En sevmediği gün pazar günü olan kadın sırf tatil günü diye. Zaten pazar günü elbise dikerken hayata gözlerini yummuştur. tasarımcılığa şapka tasarlayarak başlamış daima sadeliğin öncüsü olmuştur döneminin ünlüleri coco sayesinde daha modern bir görüntüye kavuşmuştur. ayrıca bu kadın Kendi ayakları üzerinde durmanın it gibi çalışmakla doğru orantılı olduğunu herkese ispatlamıştır.
bu kadar sohret ve param olacagina bir kocam olmasini isterdim diyerek aslinda icinde bulundugu kadin erkek esitlikci tavrindan saptigini gostermistir. bendeki feminist imaji yerle bir olmustur.
idoldür,candır,kokoştur kendisi.Chanel gibi dev bir markayı dünyaya kazandırdığı için beyin lopları kıvrımları örnek alınası insan.Adına hitaf edilen kitabı aramaktayım ancak yok efenim yok!

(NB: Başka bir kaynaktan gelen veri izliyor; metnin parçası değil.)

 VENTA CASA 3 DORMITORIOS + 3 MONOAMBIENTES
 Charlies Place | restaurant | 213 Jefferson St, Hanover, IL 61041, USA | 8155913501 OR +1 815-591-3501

filmler vardır bazı yerlerinde öyle utanırsın, öyle sıkılırsın ki çocukken yaptığın gibi koltuğun da duramazsın, baş kahramanın gireceği utanç verici durumları önceden hisseder filmi durdurur, düşünür ya da yüzünü kapatır, kızarırsın. "bu dünyada ne çok acı var" dersin. işte öyle bir film olmuş coco chanel'in filmi. makus bir kadere sahip çokçalarından farkı, dik duruşudur zira insanları ayıran da bu duruş, bu tavissizliktir. filmi "kapitalizm, bütün hünerlerini paraya çevireceğin kapılar sunar" mottosuyla değil de, "insan karakterinden türlü şartlar altında ödün vermemeli, hür ve dik durmalı" şiarı ışığında okursanız daha faydalı olur kanımca. fıransanın natalie portman'ı dır audrey tautouda, yöresel bir lezzetten öteye geçemez.